(Excerpts from a dataset)
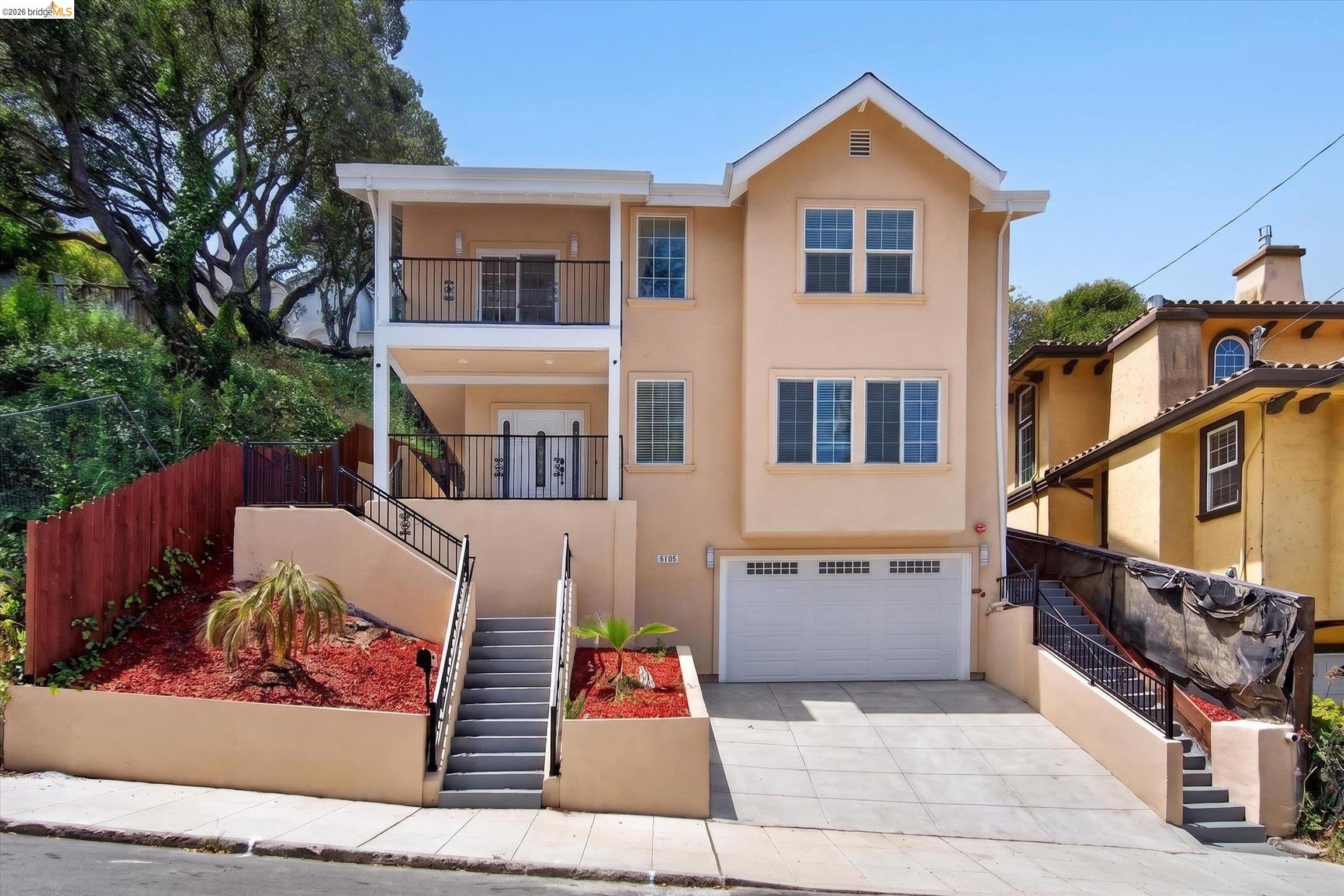 6105 Oakdale Ave — photo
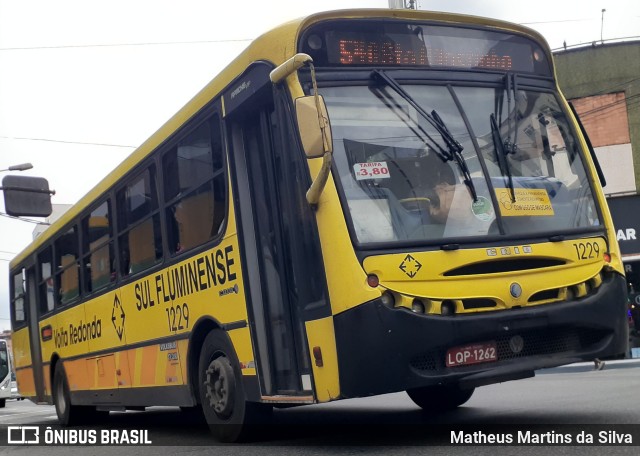 Viação Sul Fluminense 1229 na cidade de Volta Redonda, Rio de Janeiro, Brasil, por Matheus Martins da Silva. Número da foto: #10040185.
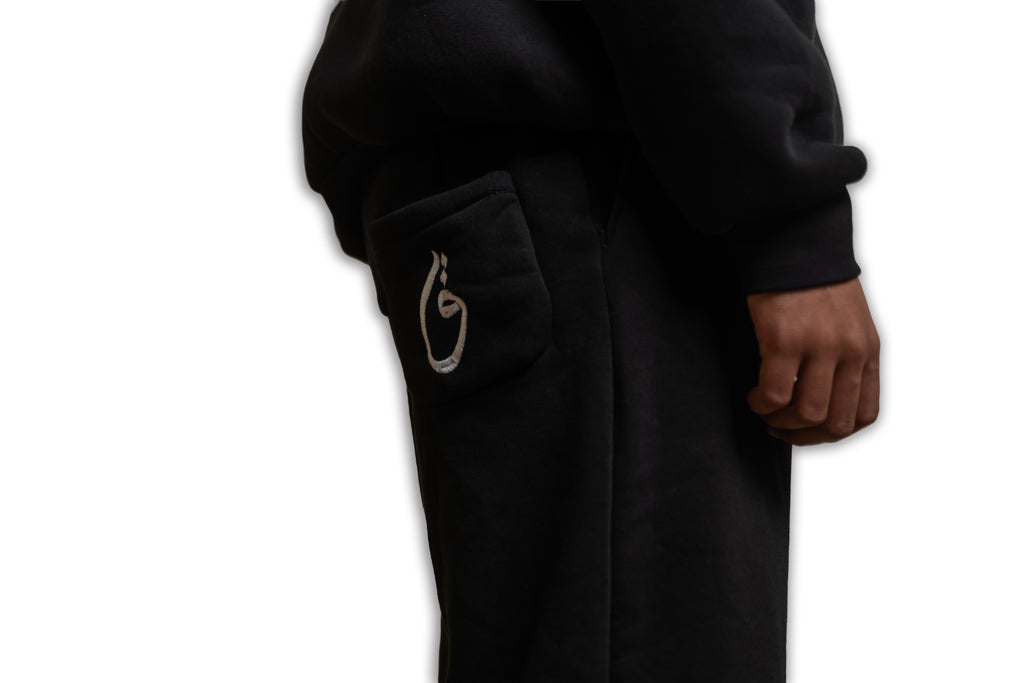 9OBIYA'S WIDE CUT JOGGERS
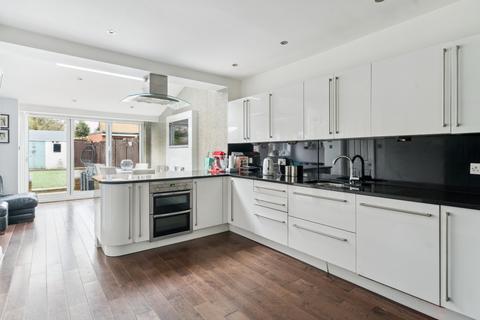 4 bedroom terraced house for sale, Cannon Lane, Pinner, HA5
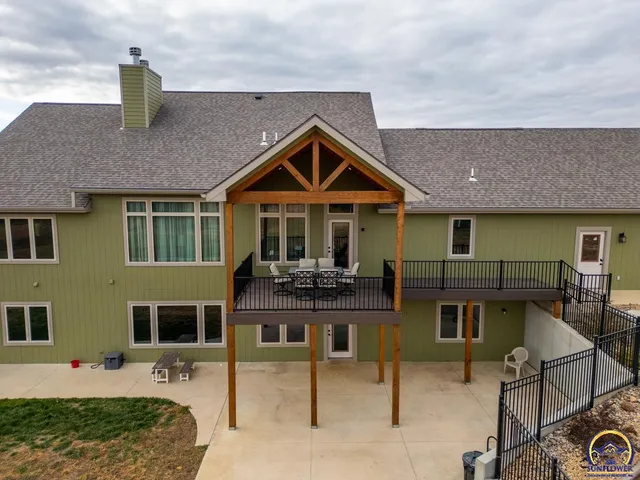 $825,000 | 7630 Southeast Berryton Road, Berryton, KS 66409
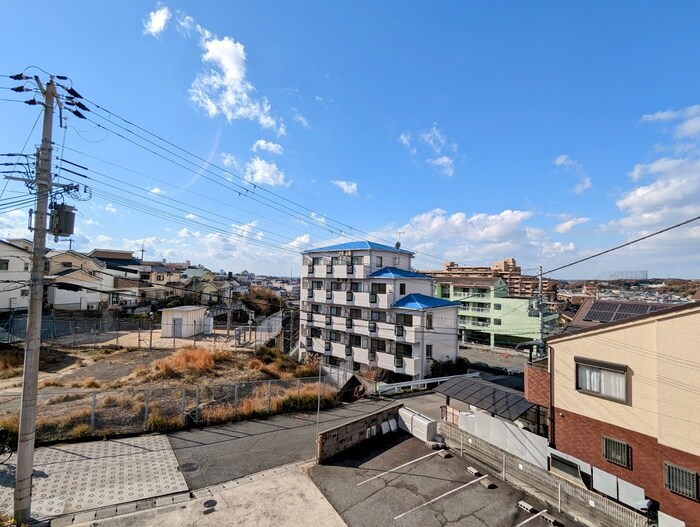 物件内観写真20　(室内からの展望)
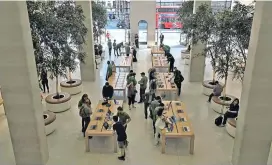  ??  ?? Der Apple-Store in der Londoner Regent Street ist einer der ersten mit dem neuen Architektu­rkonzept.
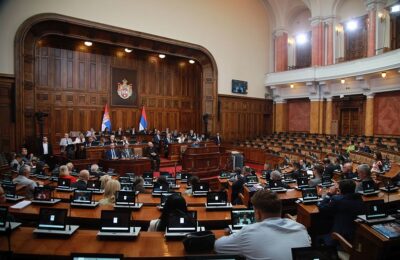 Skupština Srbije danas glasa o rebalansu budžeta i još 58 tačaka dnevnog reda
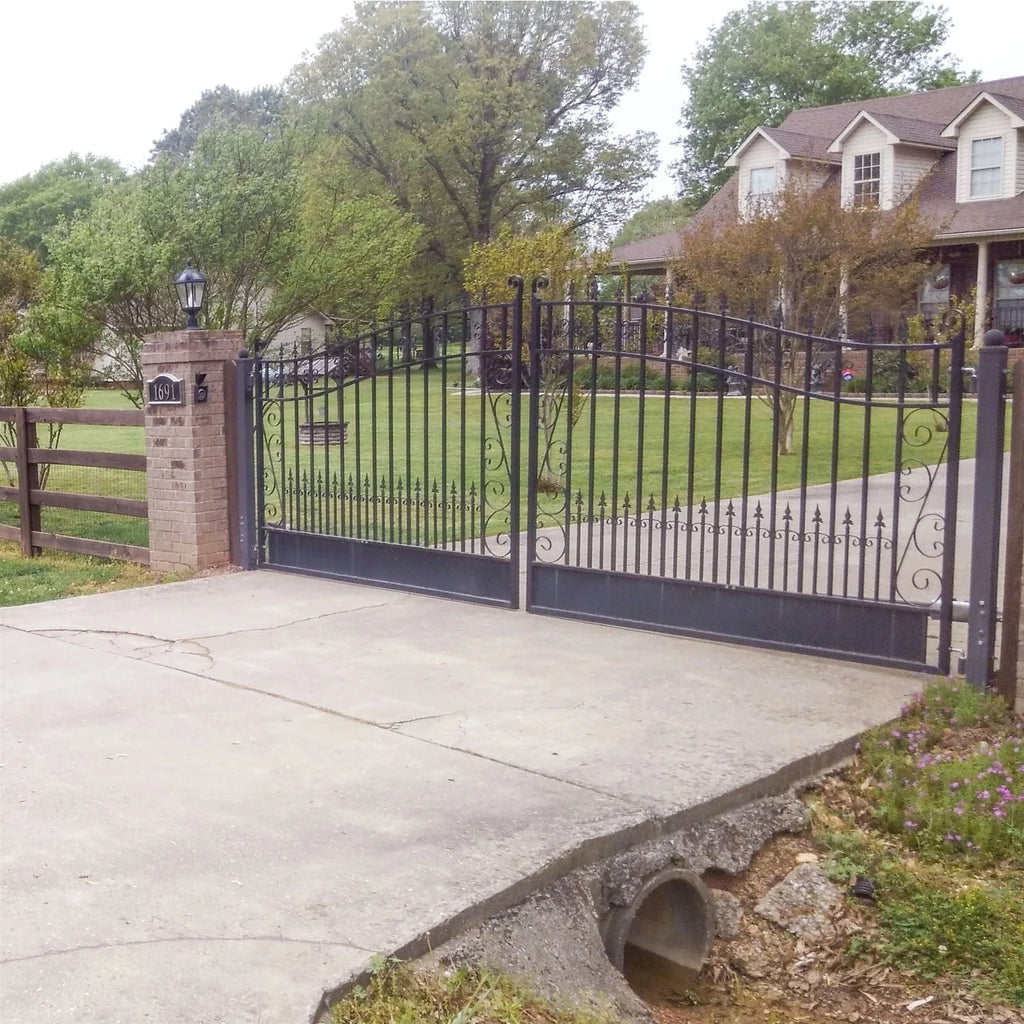 Aleko Steel Dual Swing Driveway Gate - VENICE Style - 16 x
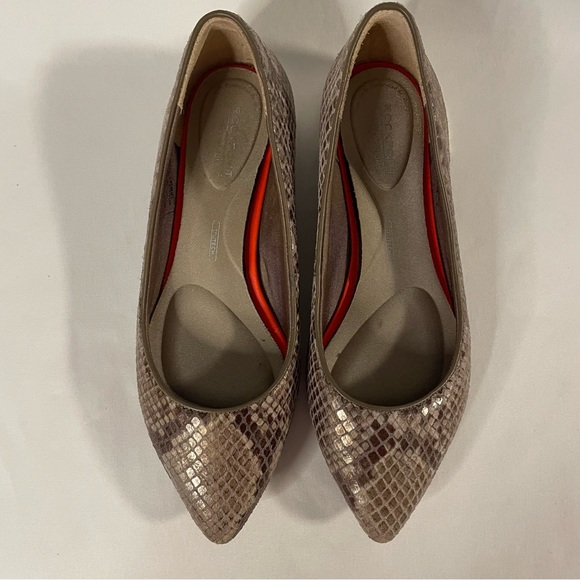 Rockport Addelyn Snakeskin Almond Toe Flats Women’s Size 6 - Picture 1 of 11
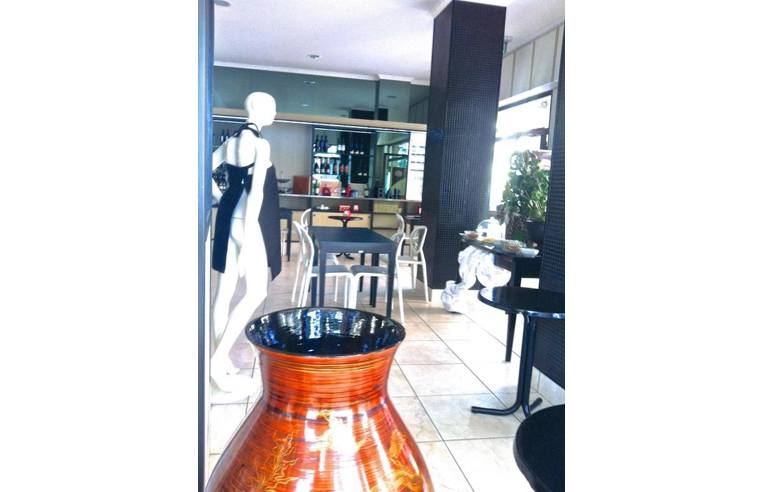 negozio in vendita a Bologna in zona Borgo Panigale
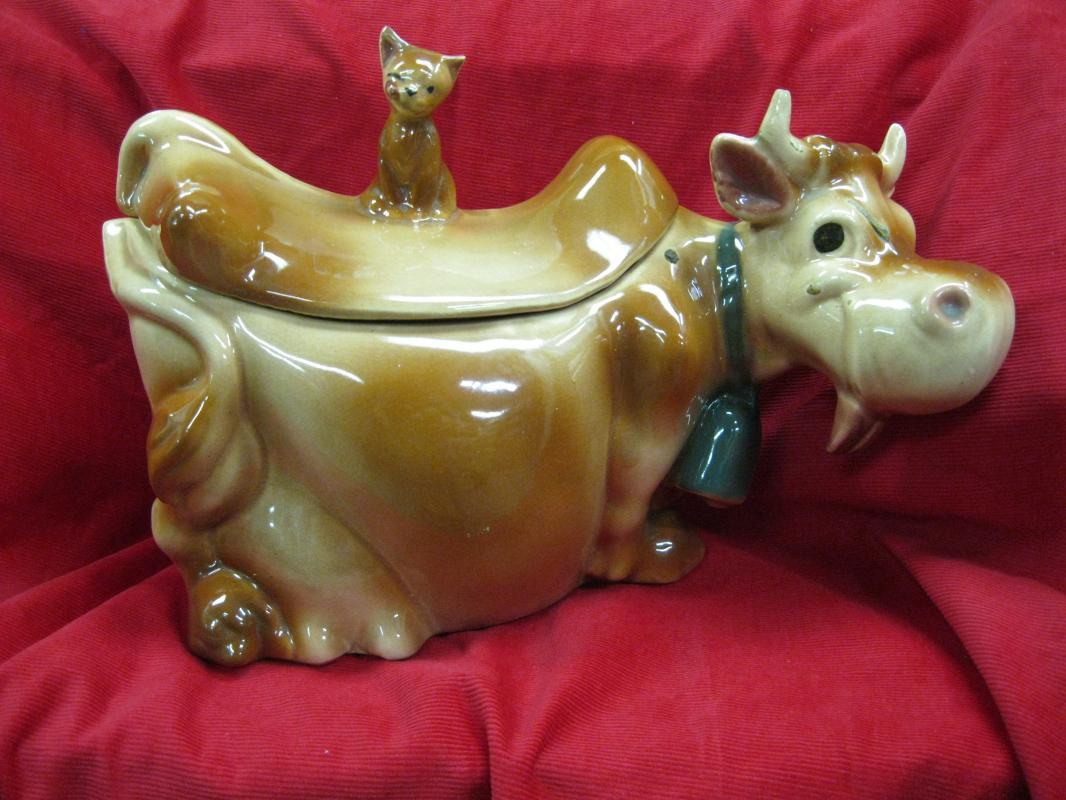 McCoy Cow and Cat Cookie Jar Test Piece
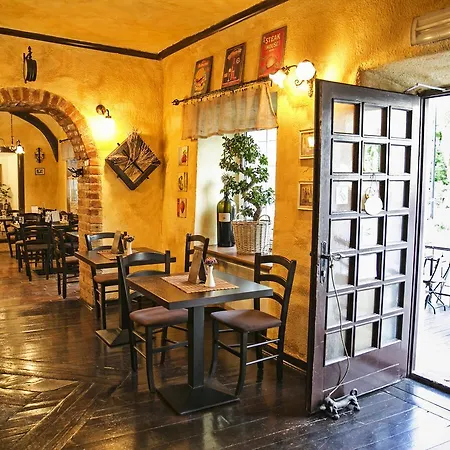 Hisa Pod Gradom לובליאנה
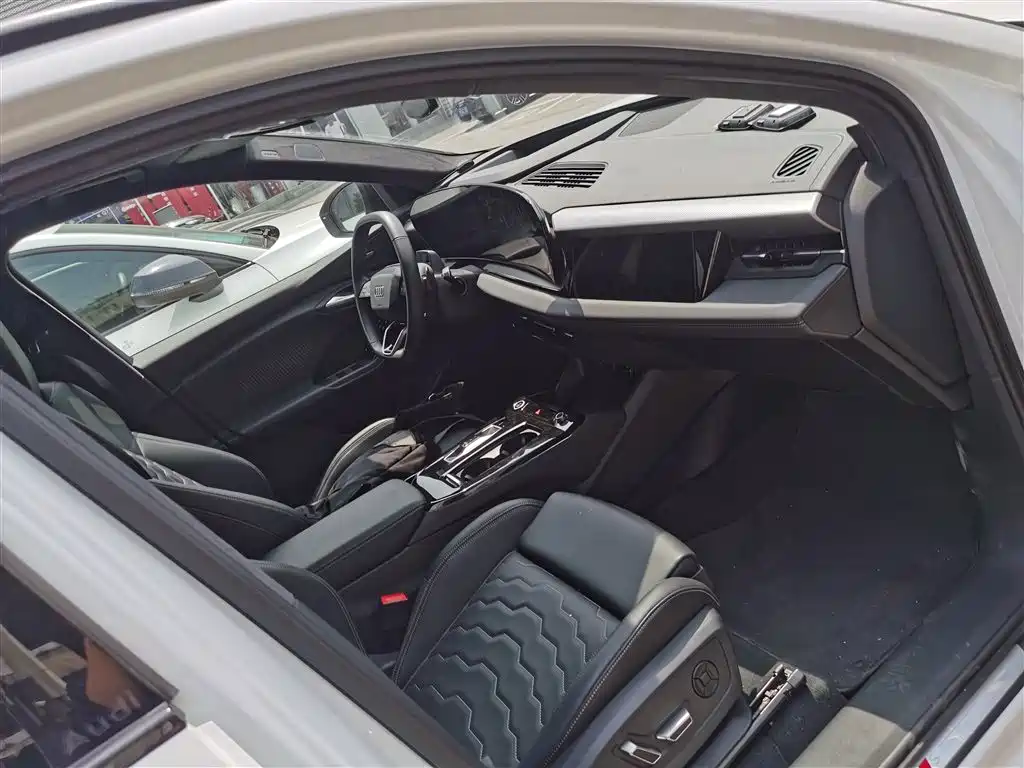 Audi Q6L e-tron 2025 Model Pioneer Edition фото 11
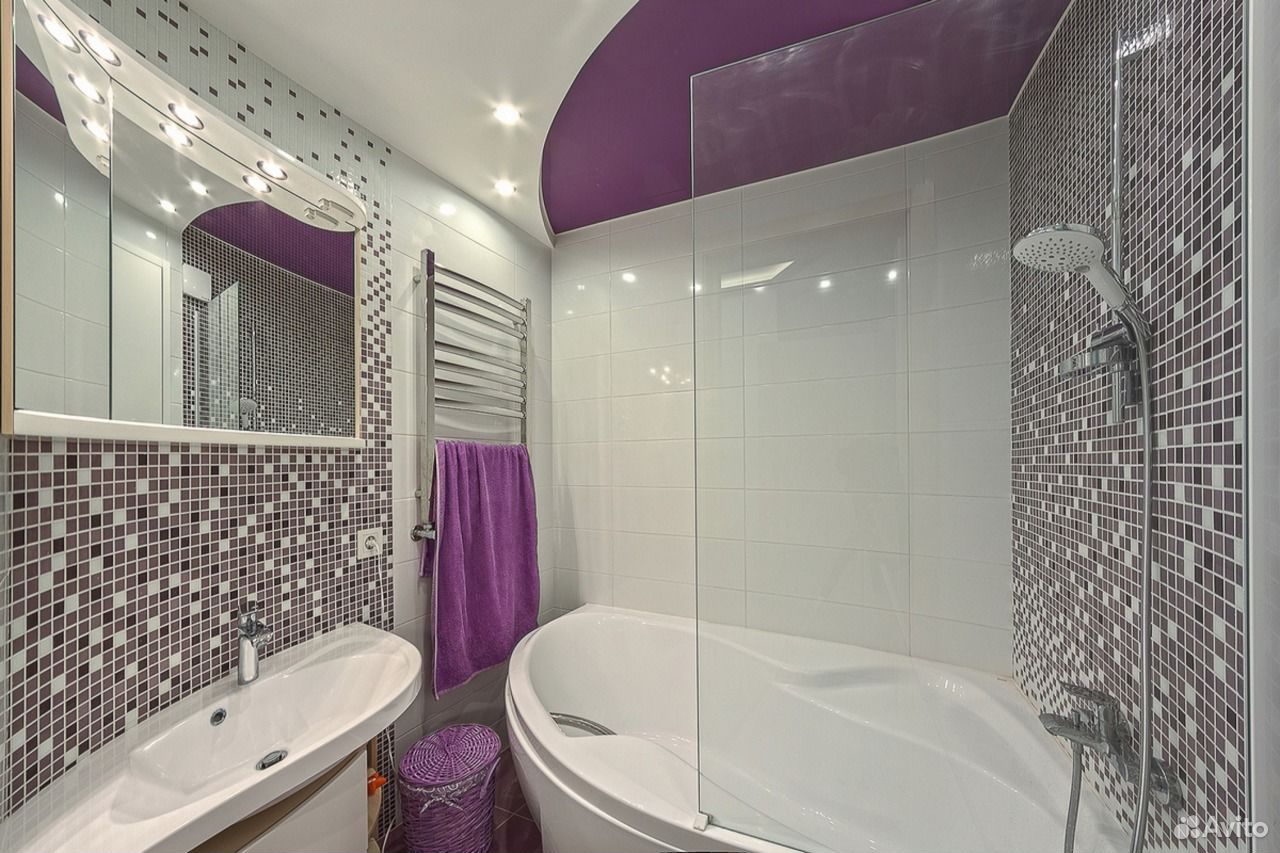 Ванная с фиолетовым потолком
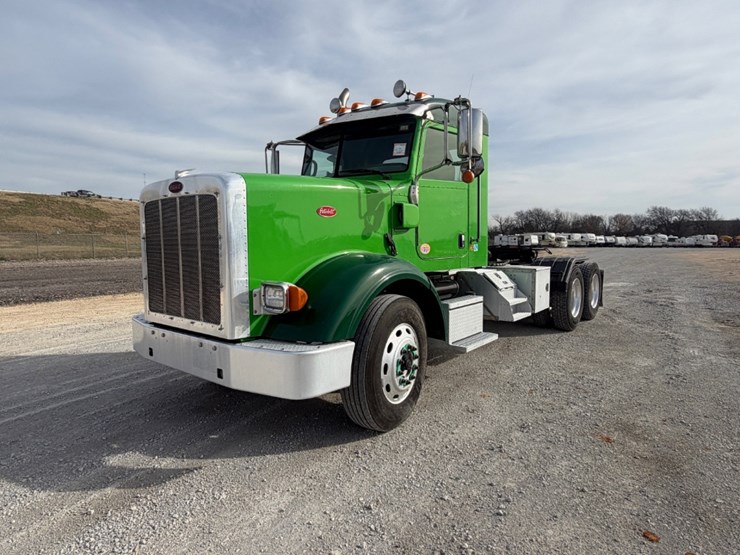 2021-peterbilt-367-image-1
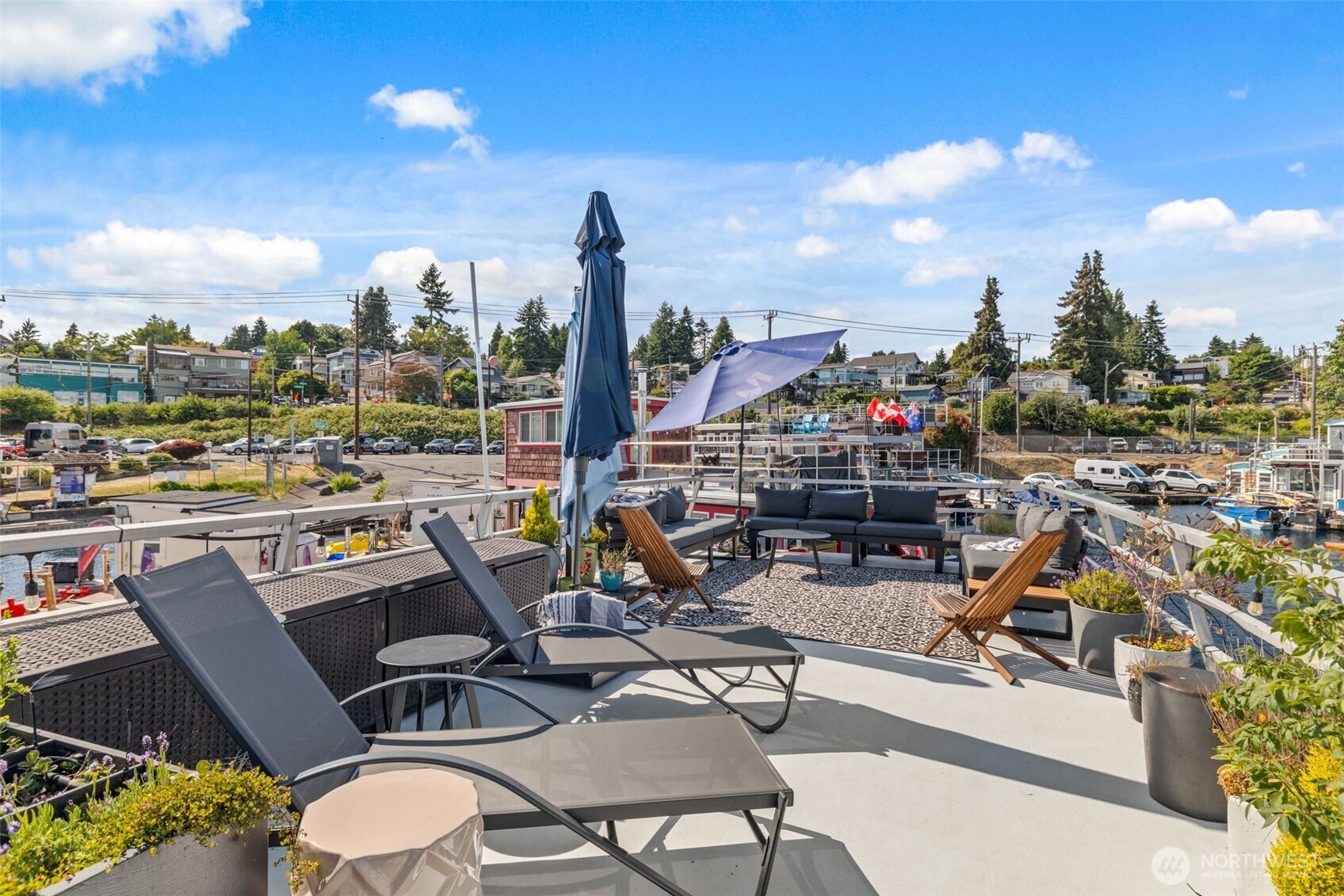 2401 N Northlake Way Unit: F6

Problem statement:
Using the data above, set down each line from the line with "Viação Sul Fluminense" to the line with "dem neuen Architektu­rkonzept." exactly, both ends included, and leave the pictures behind. Nothing else belongs.

Answer to the problem:
 Viação Sul Fluminense 1229 na cidade de Volta Redonda, Rio de Janeiro, Brasil, por Matheus Martins da Silva. Número da foto: #10040185.
 9OBIYA'S WIDE CUT JOGGERS
 4 bedroom terraced house for sale, Cannon Lane, Pinner, HA5
 $825,000 | 7630 Southeast Berryton Road, Berryton, KS 66409
 物件内観写真20　(室内からの展望)
  ??  ?? Der Apple-Store in der Londoner Regent Street ist einer der ersten mit dem neuen Architektu­rkonzept.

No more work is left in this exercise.